# Notes app for iPad



## luvmy4brats (Nov 9, 2008)

Either I'm missing something, or I can't sync my notes from my iPhone to my iPad. (I think it's because the iPad needs the 4.0 update..)

Anyone know of a good (but simple) app that I can use until the update gets pushed...


----------



## Mike D. aka jmiked (Oct 28, 2008)

I've been using Fliq app for notes and photos and such, but it's not inexpensive (although the iPod Touch/iPad parts are free. I already had it. Fliq also syncs to my laptop.

I'm looking for something better, but so far all the iThing apps I've looked at have been unsatisfactory. 


Mike


----------



## arshield (Nov 17, 2008)

Are you looking for text notes or drawing notes.  Evernote is one way.  A free account at evernote should have enough data for basic notes.  You install software on computer and ipad and it syncs through the internet.

There are a couple basic text editor programs that sync directly with dropbox (greatest things since peanut butter)

Plaintext is free, Droptext is $.99


----------



## VictoriaP (Mar 1, 2009)

Because I know you like to organize--two non simple options:

Hubby uses PaperDesk for everything beyond a simple note (like taking down a phone number or such).
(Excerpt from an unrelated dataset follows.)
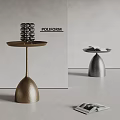 Poliform Modern Metal Side Tables With Gold Silver Bell Shaped Bases And Decorative Objects 3d model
There's a free version you can start with, limited to five notebooks IIRC.

I use Notebooks for iPad. It's simple to use, but hoo boy, it's not "simple". I do EVERYTHING in it, because I can. I export web clippings into it, write lengthy articles, store every bit of research I do, and basically live out of that app. I believe it's $8.99, but it's still my most used app on the iPad. I synch both with my computer (through iTunes backups and through a free program called SyncDocs), and to the cloud with MobileMe--the cloud means I can still get to the notes from my iPhone if I need to. Easy peasy...and with infinitely nesting notebooks, I can arrange everything exactly the way I want to so it's way easier to find than a long list of notes arranged by the date I created them.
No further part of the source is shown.